Former RIBA chief executive gets the nod for next lobbying tsar

Written by David Singleton on 17 September 2018 in News

Harry Rich already holds numerous non-executive roles at various bodies.

Ministers have chosen an "executive business coach" and former chief executive of the Royal Institute of British Architects to be the next registrar of consultant lobbyists.

Harry Rich has been named as the government’s preferred candidate for the post previously held by Alison White, who stepped down in the summer.

Rich trained as a solicitor and went on to become deputy chief executive of the Design Council and then chief executive of Enterprise UK. Until 2016, he was chief executive of the Royal Institute of British Architects.

He now runs a business advisory consultancy which “helps leaders to achieve more of their potential and drives the success of organisations and businesses”. On top of this, Rich is a non-executive member of the Press Recognition Panel and chair of its Audit and Risk Committee. He also holds various other non-executive roles including governor of the Glasgow School of Art.

Rich was one of 11 people to apply for the part-time post, which pays £420 per day for around 40 days a year.

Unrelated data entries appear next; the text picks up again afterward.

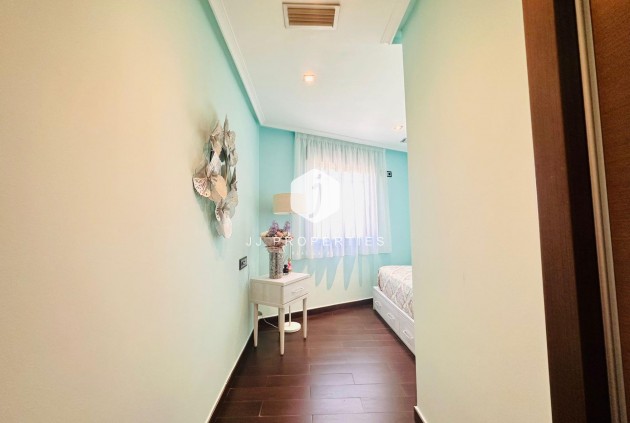 Tweedehands - Appartement / flat -
Torrevieja - Estacion de autobuses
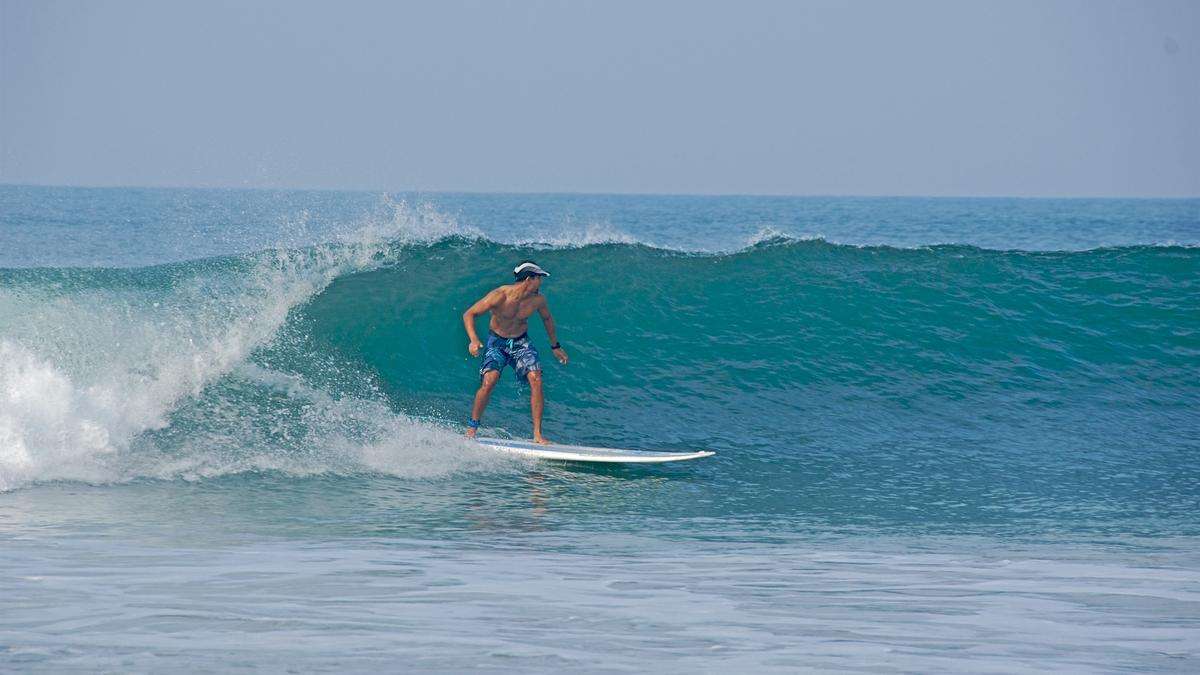 surfing-in-varkala-kerala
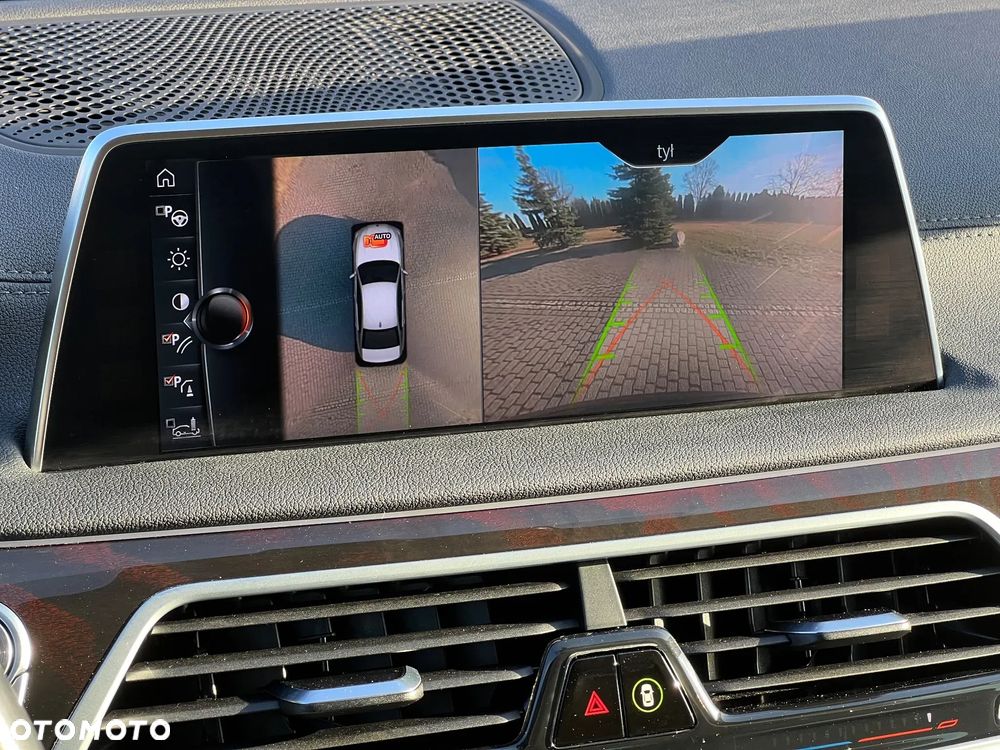 BMW Seria 7 750i xDrive - 25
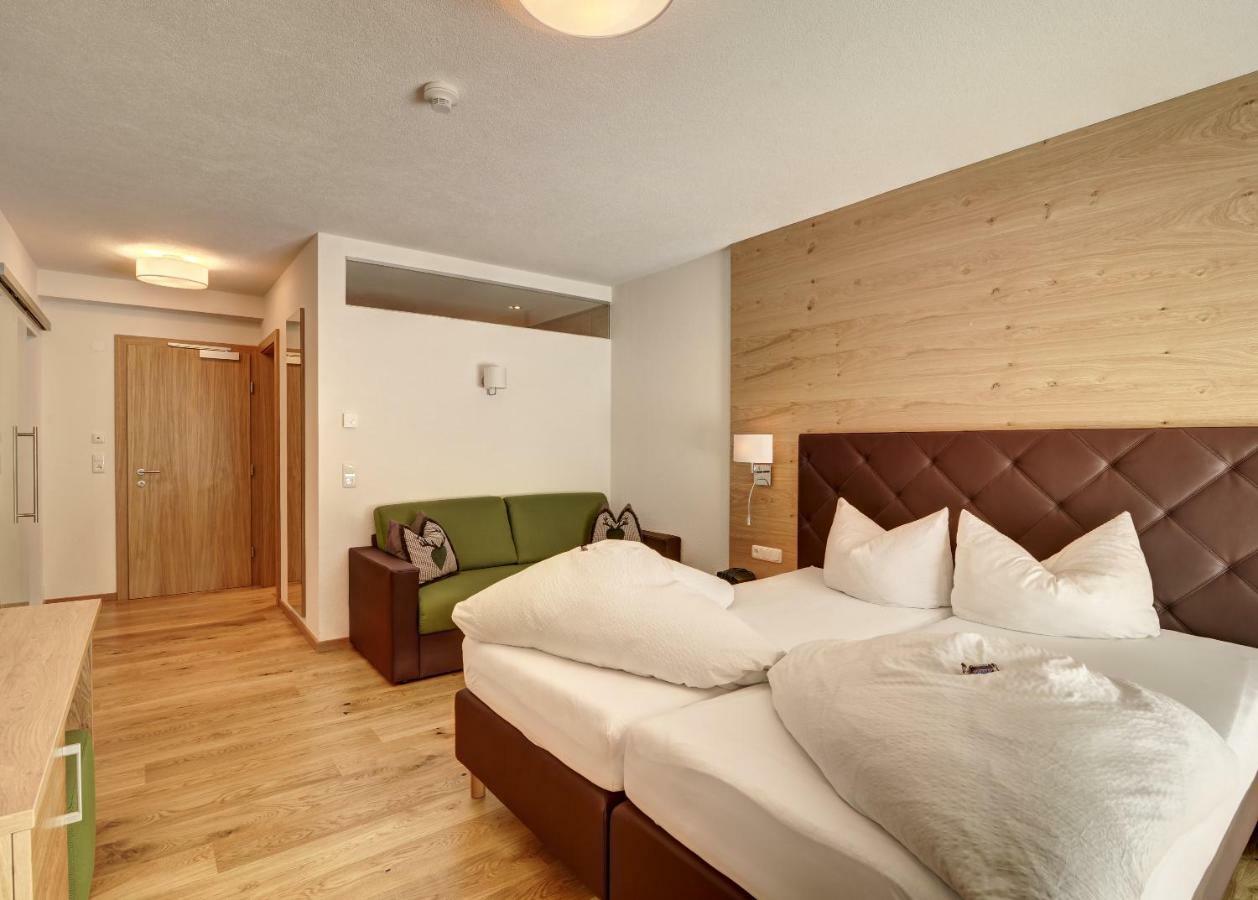 Hotel Enzian Paznaun See Eksteriør bilde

The Commons public administration and constitutional affairs committee has given its backing to Rich after holding a pre-appointment hearing with the former RIBA boss.

A report by the committee on the appointment states: “The hearing focussed on Mr Rich’s relevant experience, how he intends to balance his role as Registrar with his business and other commitments, and how he intends to approach the role. While the post of Registrar of Consultant Lobbyists is not a high-profile role, we nevertheless attach great importance to the appointment because of the potential controversy around lobbying. On the basis of his evidence to us, we are satisfied that Mr Rich has the personal integrity and professional experience to be appointed as the next Registrar.”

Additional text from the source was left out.